Provided records.
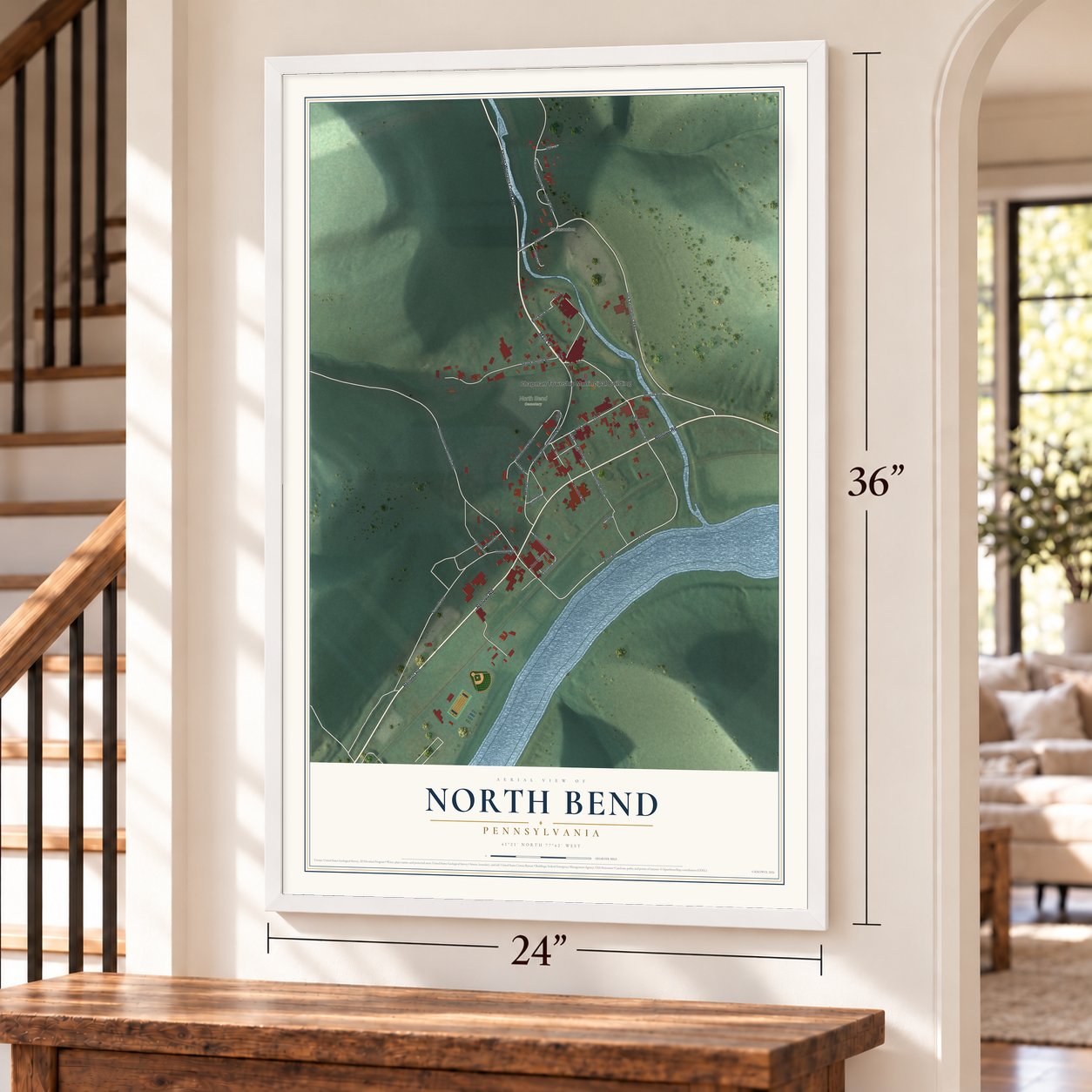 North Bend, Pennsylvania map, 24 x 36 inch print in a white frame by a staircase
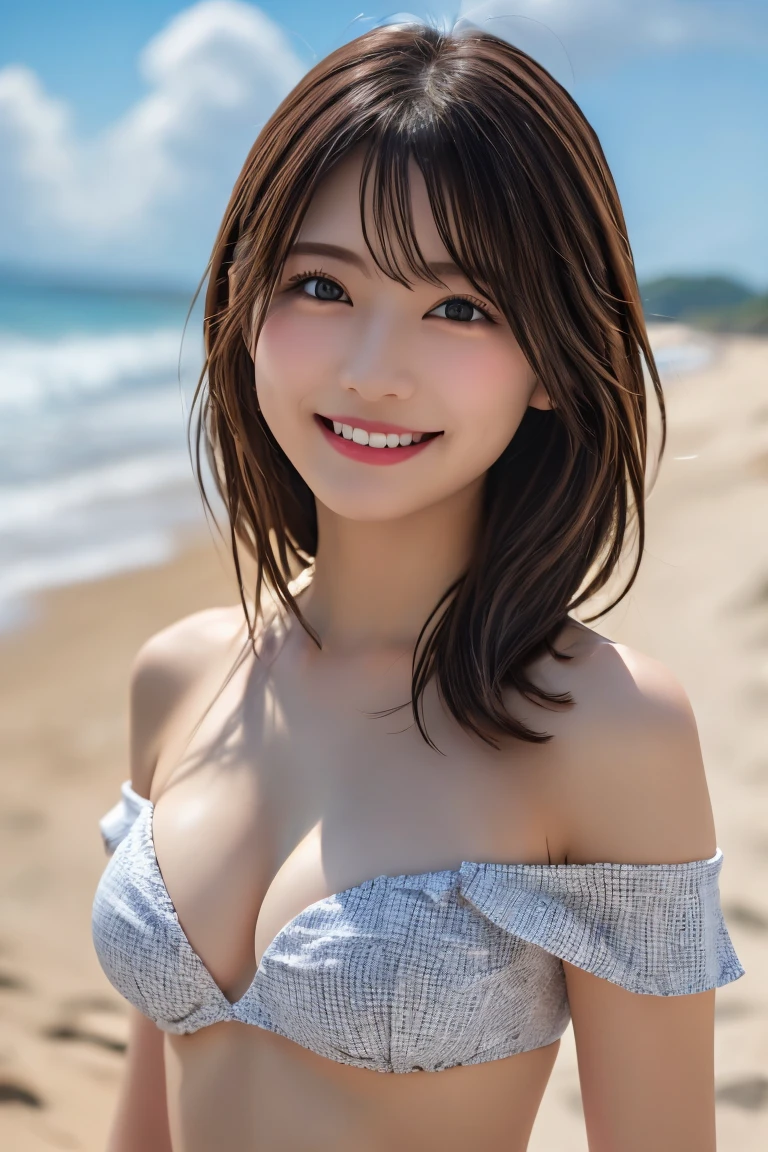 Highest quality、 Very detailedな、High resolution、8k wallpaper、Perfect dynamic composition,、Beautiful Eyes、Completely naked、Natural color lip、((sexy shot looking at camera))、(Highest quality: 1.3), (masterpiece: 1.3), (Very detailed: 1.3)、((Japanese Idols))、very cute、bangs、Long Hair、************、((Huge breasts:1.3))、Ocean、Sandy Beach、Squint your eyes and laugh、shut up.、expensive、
--
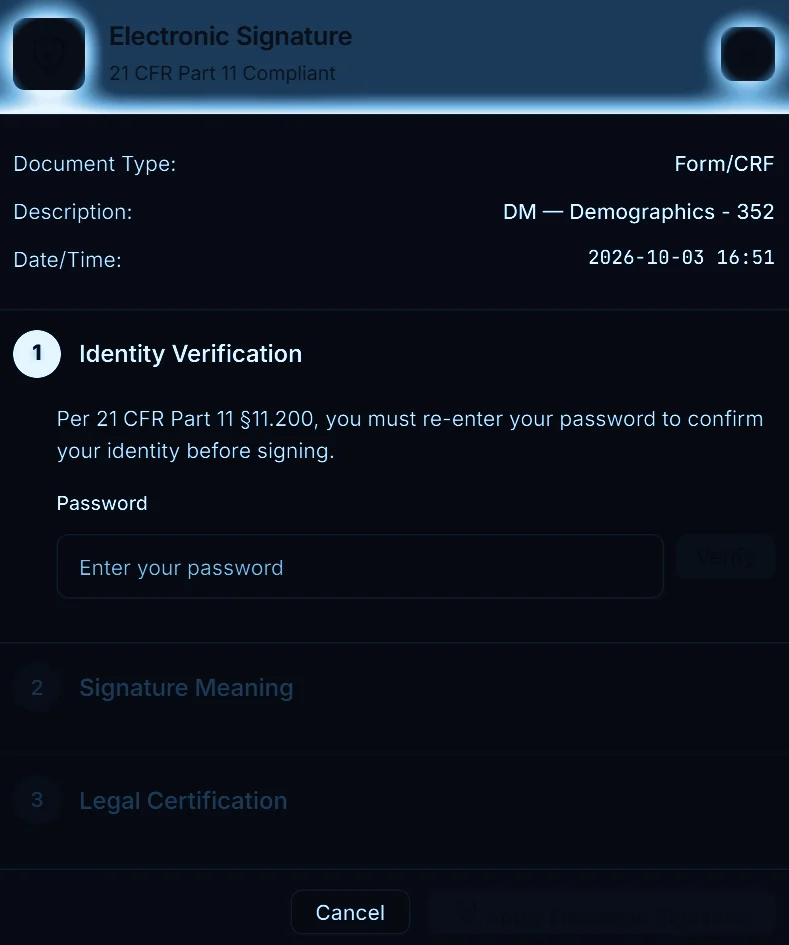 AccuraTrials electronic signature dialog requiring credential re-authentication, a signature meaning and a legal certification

Exercise. Line for line, output the entries above from the line with "North Bend, Pennsylvania" to the line with "Highest quality、 Very", both included, and nothing more. Skip pictures.

Output of the task.
 North Bend, Pennsylvania map, 24 x 36 inch print in a white frame by a staircase
 Highest quality、 Very detailedな、High resolution、8k wallpaper、Perfect dynamic composition,、Beautiful Eyes、Completely naked、Natural color lip、((sexy shot looking at camera))、(Highest quality: 1.3), (masterpiece: 1.3), (Very detailed: 1.3)、((Japanese Idols))、very cute、bangs、Long Hair、************、((Huge breasts:1.3))、Ocean、Sandy Beach、Squint your eyes and laugh、shut up.、expensive、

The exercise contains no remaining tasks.